Note: The Magic Garden will be closed from November 2022 – January 2023 and will reopen in February.
Playground or Garden?
Like the Children’s Garden in Kew Gardens, the Magic Garden doesn’t want to be called a playground. We also appreciate that both places are much more than just ordinary playgrounds. At the same time, we prefer to call a spade for a spade and will refer to it as a playground. The play elements matter for young children, no matter how impressive the historical wrapping is. Children, at least the youngest ones, don’t come to admire how the play areas have been integrated into the garden landscape.

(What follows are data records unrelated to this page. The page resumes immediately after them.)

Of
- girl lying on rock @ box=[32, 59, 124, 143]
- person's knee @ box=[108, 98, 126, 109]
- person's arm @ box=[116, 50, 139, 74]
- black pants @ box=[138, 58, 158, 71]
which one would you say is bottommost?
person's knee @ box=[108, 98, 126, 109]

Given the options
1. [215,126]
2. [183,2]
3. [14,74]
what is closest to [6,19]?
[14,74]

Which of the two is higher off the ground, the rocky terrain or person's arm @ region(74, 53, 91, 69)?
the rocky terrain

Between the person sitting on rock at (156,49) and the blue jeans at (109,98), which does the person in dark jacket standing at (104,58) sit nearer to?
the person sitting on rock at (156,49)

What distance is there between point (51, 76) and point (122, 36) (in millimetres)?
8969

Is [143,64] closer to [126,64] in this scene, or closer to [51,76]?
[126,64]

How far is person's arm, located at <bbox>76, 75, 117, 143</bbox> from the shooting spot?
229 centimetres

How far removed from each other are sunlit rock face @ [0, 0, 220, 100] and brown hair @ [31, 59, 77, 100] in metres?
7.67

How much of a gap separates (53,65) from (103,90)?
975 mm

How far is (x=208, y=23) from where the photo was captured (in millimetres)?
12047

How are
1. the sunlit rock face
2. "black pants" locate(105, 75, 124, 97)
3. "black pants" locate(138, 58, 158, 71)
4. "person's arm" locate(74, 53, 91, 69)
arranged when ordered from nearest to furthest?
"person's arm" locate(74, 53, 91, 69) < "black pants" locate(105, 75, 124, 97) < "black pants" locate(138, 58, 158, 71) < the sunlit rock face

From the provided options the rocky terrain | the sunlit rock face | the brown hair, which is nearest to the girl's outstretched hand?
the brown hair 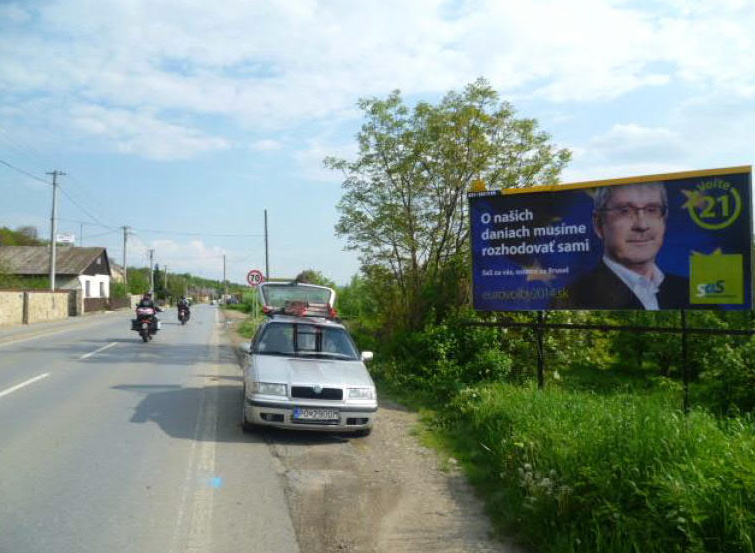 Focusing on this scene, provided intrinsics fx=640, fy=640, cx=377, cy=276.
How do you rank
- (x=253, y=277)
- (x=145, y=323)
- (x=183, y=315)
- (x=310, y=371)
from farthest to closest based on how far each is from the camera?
1. (x=183, y=315)
2. (x=253, y=277)
3. (x=145, y=323)
4. (x=310, y=371)

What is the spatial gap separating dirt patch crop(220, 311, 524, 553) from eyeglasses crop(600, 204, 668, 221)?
13.3 feet

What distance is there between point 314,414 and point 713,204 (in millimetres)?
5486

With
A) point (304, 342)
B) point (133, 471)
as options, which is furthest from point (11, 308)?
point (133, 471)

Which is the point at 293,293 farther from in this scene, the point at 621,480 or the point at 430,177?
the point at 621,480

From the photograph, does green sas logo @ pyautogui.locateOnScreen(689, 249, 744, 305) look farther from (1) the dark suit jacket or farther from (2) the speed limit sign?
(2) the speed limit sign

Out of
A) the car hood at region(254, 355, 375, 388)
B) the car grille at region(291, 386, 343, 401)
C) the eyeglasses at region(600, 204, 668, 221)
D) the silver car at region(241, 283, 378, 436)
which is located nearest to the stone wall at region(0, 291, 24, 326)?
the silver car at region(241, 283, 378, 436)

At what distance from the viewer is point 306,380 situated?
7652mm

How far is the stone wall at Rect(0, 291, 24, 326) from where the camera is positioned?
3472 centimetres

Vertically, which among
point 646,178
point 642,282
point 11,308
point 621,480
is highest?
point 646,178

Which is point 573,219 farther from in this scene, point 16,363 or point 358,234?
point 16,363

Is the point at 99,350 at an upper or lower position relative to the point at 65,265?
lower

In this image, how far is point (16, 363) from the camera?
599 inches

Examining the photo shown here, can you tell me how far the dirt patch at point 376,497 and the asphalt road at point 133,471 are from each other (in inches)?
9.5

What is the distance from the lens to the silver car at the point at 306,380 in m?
7.49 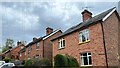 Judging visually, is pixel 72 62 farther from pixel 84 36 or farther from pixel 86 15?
pixel 86 15

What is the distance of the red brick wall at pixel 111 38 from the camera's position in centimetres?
2157

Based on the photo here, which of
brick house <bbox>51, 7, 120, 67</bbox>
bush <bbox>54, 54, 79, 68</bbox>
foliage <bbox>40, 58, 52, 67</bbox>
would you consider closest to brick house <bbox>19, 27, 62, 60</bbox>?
foliage <bbox>40, 58, 52, 67</bbox>

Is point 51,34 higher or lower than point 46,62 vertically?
higher

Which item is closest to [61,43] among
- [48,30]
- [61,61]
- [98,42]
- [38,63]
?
[38,63]

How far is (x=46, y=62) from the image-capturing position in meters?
30.8

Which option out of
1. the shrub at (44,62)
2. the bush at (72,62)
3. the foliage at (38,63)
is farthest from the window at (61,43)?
the bush at (72,62)

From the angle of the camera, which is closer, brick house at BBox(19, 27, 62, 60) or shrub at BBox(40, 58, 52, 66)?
shrub at BBox(40, 58, 52, 66)

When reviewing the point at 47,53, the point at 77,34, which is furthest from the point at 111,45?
the point at 47,53

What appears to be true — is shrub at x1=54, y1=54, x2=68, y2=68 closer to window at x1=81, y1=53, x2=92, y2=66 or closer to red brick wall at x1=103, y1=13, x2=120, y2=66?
window at x1=81, y1=53, x2=92, y2=66

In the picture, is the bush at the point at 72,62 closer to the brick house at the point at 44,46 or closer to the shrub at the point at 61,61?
the shrub at the point at 61,61

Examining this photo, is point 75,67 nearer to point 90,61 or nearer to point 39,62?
point 90,61

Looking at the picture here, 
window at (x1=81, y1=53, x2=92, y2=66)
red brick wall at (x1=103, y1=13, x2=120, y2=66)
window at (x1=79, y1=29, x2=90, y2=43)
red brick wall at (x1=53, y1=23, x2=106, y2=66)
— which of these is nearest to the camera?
red brick wall at (x1=53, y1=23, x2=106, y2=66)

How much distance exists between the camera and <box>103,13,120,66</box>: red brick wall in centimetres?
2157

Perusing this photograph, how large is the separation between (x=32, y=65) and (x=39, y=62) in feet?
4.01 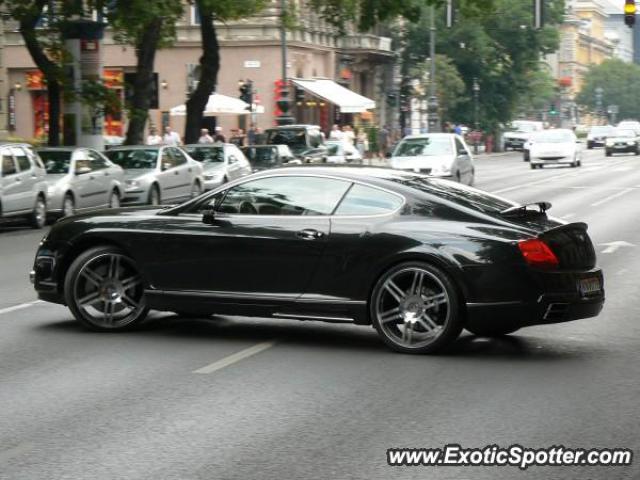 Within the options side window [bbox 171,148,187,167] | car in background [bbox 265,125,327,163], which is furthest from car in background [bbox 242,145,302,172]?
side window [bbox 171,148,187,167]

Keeping an eye on your children
The playground is really well planned out. One of the key aspects often neglected by playground designers is that parents need a good overview to let children play freely on their own, especially when children of different ages play in different areas of the park. If the playground is too divided and cluttered with bushes and structures, parents must constantly track down their kids, leading to a stressful day for everyone. In the Magic Garden, you have a good overview all the time, especially around the centre of the park, where older children can climb up the hill and toddlers can play in the sandpit.
Crowded during school holidays
Even if the playground is well planned, you still face the danger of losing your child in huge crowds during school holidays. Efforts have been made to reduce crowding by allocating a 2/3 hour slot and a wristband showing which group you belong to. However, many overstayed their allotted time. The cafe area is also very crowded, with parents parking their prams and belongings everywhere, making it hard to find a free table. This particular area of the playground felt cluttered. Surprisingly there is very little space for families to sit down and have a break.
The empty Royal towers
The two royal King and Queen towers are the most impressive structures entering the grounds. We had big expectations about what they might contain, but besides enjoying the view from the top, they felt quite empty. You can take a selfie with a nice background, but there is not much more to them.
Our review of the Magic Garden Playground
Looking at the big picture, the playground is a great addition to Hampton Court as an interesting adventure for children. They have succeeded in inspiring children, making the Tudors period come alive and becoming a door opener to the rich British history. In this aspect, the playground and the palace go hand in hand.
Regarding the play areas, our children had a blast climbing the aerial walkway and going up and down the mound. The sand-pit and water area next to the dragon were the most popular elements for our two-year-old. On the other hand, some other play elements looked interesting from afar, like the royal towers, but they were gimmicky and empty up close.
Creating a magic place for children is not an easy task, especially not with all the expectations of creating a beautiful historical garden closely connected with Hampton Court Palace. In the end, we had terrific fun and would highly recommend going to the playground as part of a visit to the Palace. On the other hand, we would not have travelled from afar to experience the playground on its own.
Note that a family ticket to the playground costs £23.40 on its own, while a family ticket to Hampton Court Palace (playground included) costs £53.10. Check the website for price changes.